Tornar a Caixa mais conservadora no crédito
No documento preliminar, esta recomendação não existia. No seu lugar, estava uma outra: reforçar a capitalização das empresas para ajudar a resolver o problema do crédito malparado. O relator Carlos Pereira acrescentou-a no relatório final, mas não a detalhou. O deputado socialista refere apenas que a “banca pública deve ser conservadora”, uma vez que no passado, “em algumas operações, a CGD envolveu-se em certos projetos por entender que este trariam maior rendibilidade. No entanto, pode ter levado o banco público a registar prejuízos”.
A Caixa teve de registar mais de três mil milhões em imparidades. Um montante recorde que levou o banco público a precisar de um aumento de capital de cinco mil milhões de euros. “Como foi referido, em sede de comissão de inquérito, e a título de exemplo, 80% das perdas registadas em Espanha estavam relacionadas com a banca de investimento“, acrescenta o deputado socialista.
Como foi referido, em sede de comissão de inquérito, e a título de exemplo, 80% das perdas registadas em Espanha estavam relacionadas com a banca de investimento; foram perdas demonstradas.
O que vai mudar na vida do banco?
Das quatro recomendações dirigidas à Caixa, apenas duas poderiam ter algum peso na vida do banco, nomeadamente a possibilidade de o sigilo bancário cair para a IGF. “Sabe-se hoje que os relatórios trimestrais da comissão de auditoria alertavam, pelo menos desde o terceiro trimestre de 2014, para factos e matérias relevantes que deveriam ter merecido maior atenção, acompanhamento e intervenção por parte do acionista Estado“, lê-se no relatório final.
“O relatório de auditoria do Tribunal de Contas refere o relatório da comissão de auditoria do quarto trimestre de 2015, nomeadamente a existência de imparidades no valor de 1,5 mil milhões de euros e a exposição da CGD em 4,5 mil milhões de euros. Ainda assim, não há evidências de que esta empresa [CGD] tenha sido objeto de qualquer ação inspetiva da IGF solicitada pelo acionista”, acrescenta o deputado Carlos Pereira.
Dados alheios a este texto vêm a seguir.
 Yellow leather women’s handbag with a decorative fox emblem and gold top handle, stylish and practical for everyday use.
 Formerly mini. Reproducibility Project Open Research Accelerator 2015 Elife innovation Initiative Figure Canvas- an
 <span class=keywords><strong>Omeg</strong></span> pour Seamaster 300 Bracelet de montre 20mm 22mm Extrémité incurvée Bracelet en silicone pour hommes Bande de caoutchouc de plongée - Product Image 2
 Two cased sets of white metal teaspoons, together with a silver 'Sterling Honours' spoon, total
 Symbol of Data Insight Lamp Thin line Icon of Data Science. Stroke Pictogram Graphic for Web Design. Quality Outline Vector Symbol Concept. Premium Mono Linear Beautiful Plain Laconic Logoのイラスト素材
O relatório de auditoria do Tribunal de Contas refere o relatório da comissão de auditoria referente ao quarto trimestre de 2015, nomeadamente a existência de imparidades no valor de 1,5 mil milhões de euros e a exposição da CGD em 4,5 mil milhões de euros. Ainda assim, não há evidências de que esta empresa tenha sido objeto de qualquer ação inspetiva da IGF solicitada pelo acionista.
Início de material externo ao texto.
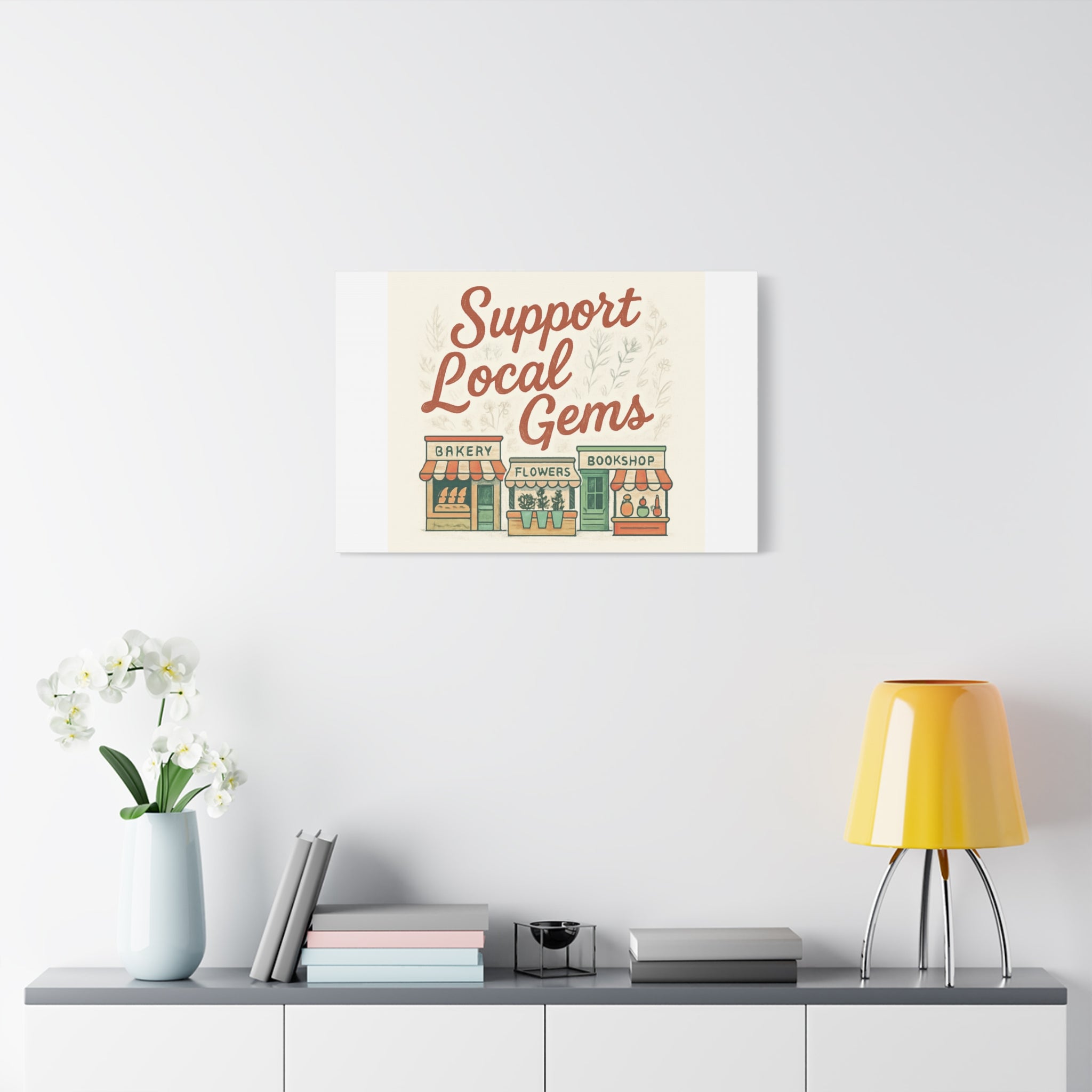 Support Local Gems Canvas Wall Art — Small Business Bakery Flowers Bookshop Print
Outra das recomendações é a adoção de uma abordagem mais conservadora por parte da Caixa, nomeadamente no que se refere à concessão de financiamento numa altura em que todo o sistema financeiro está a abrir a torneira do crédito para tentar obter mais rentabilidade.
Esta recomendação surge, no entanto, depois de o banco se ter envolvido em vários investimentos ruinosos que a levaram a registar imparidades recorde. Perdas avultadas em resultado de muitos investimentos ruinosos tanto em Portugal, como foi o caso de Vale do Lobo, de acordo com o livro “Caixa Negra”, de Diogo Cavaleiro, mas também em Espanha, com empresas como a La Seda e Artlant.
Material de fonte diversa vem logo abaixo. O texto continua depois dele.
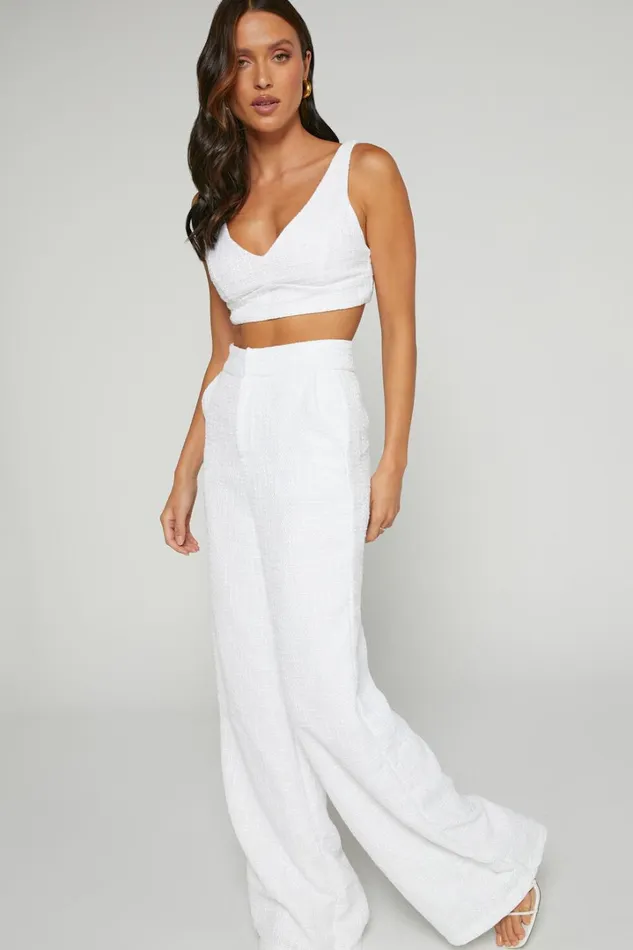 Adelaide Two Piece Set 8211 Crop Top And Wide Leg Pants Set In White Women Showpo Curve Clothes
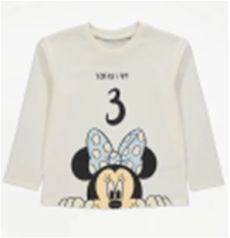 Кремовый топ с Minnie Mouse «Сегодня мне 3» Disney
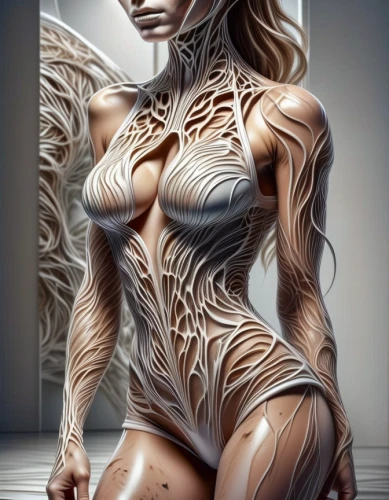 bodypaint,bodypainting,body painting,neon body painting,biomechanical,body art,sculpt,wood carving,carved wood,sculptor,wood skeleton,wood art,fantasy art,human body anatomy,carved,3d fantasy,woman sculpture,medusa,rib cage,fantasy woman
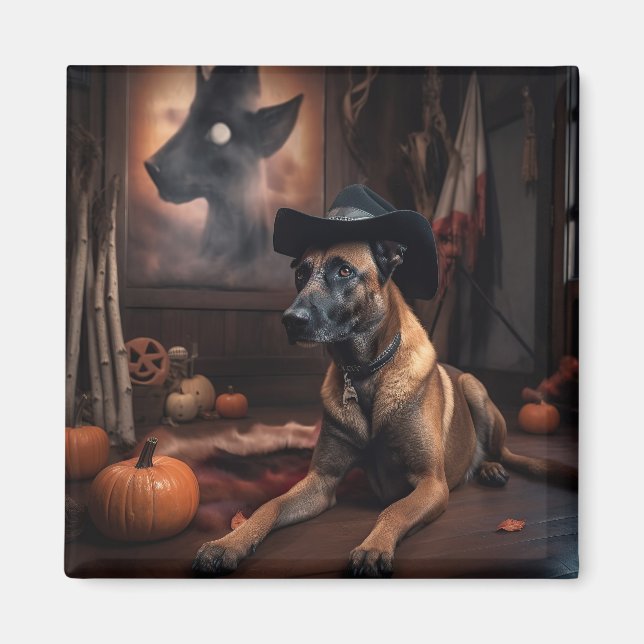 Belgiska Malinois Pumpkins Halloween Scary Magnet (Framsidan)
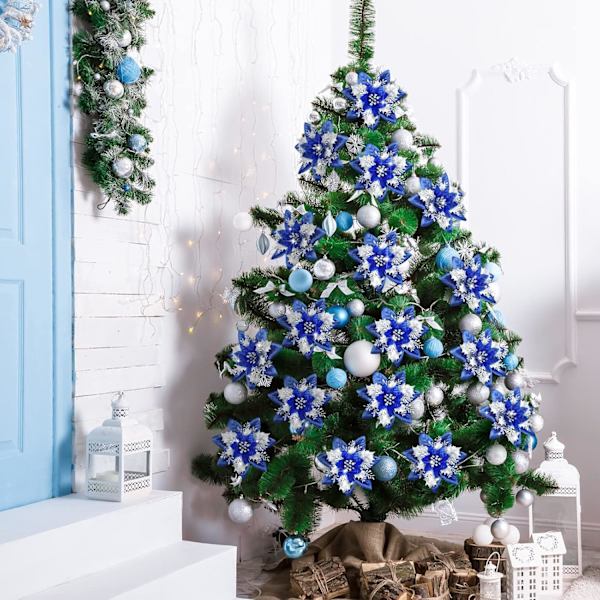 12 st glitter julstjärna konstgjorda julblomsdekorationer blommor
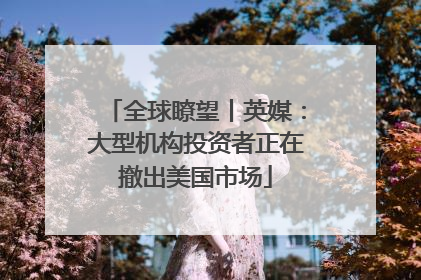 全球瞭望丨英媒：大型机构投资者正在撤出美国市场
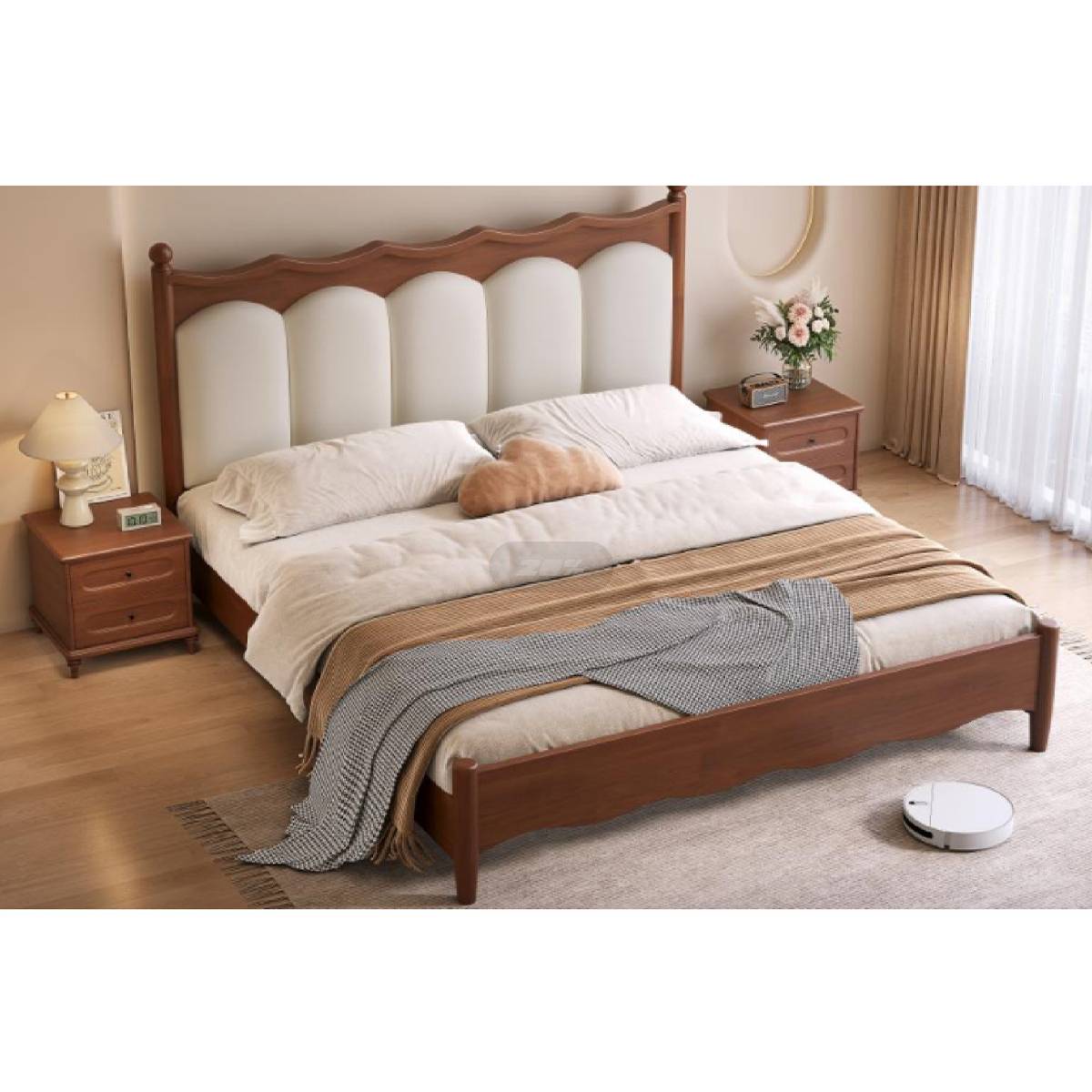 Cherry wood mid-century upholstered bed with bedding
“É difícil medir o conservadorismo”, diz João Duque, que questiona, no fundo, o impacto destas recomendações na vida da CGD. “É zero”, refere o economista, ao contrário do custo deste relatório que acabou por ser chumbado. “Quanto é que custou o relatório?”, questiona em declarações ao ECO, apontando para todo o tempo e recursos perdidos para se chegar ao fim sem uma conclusão validada pelos deputados.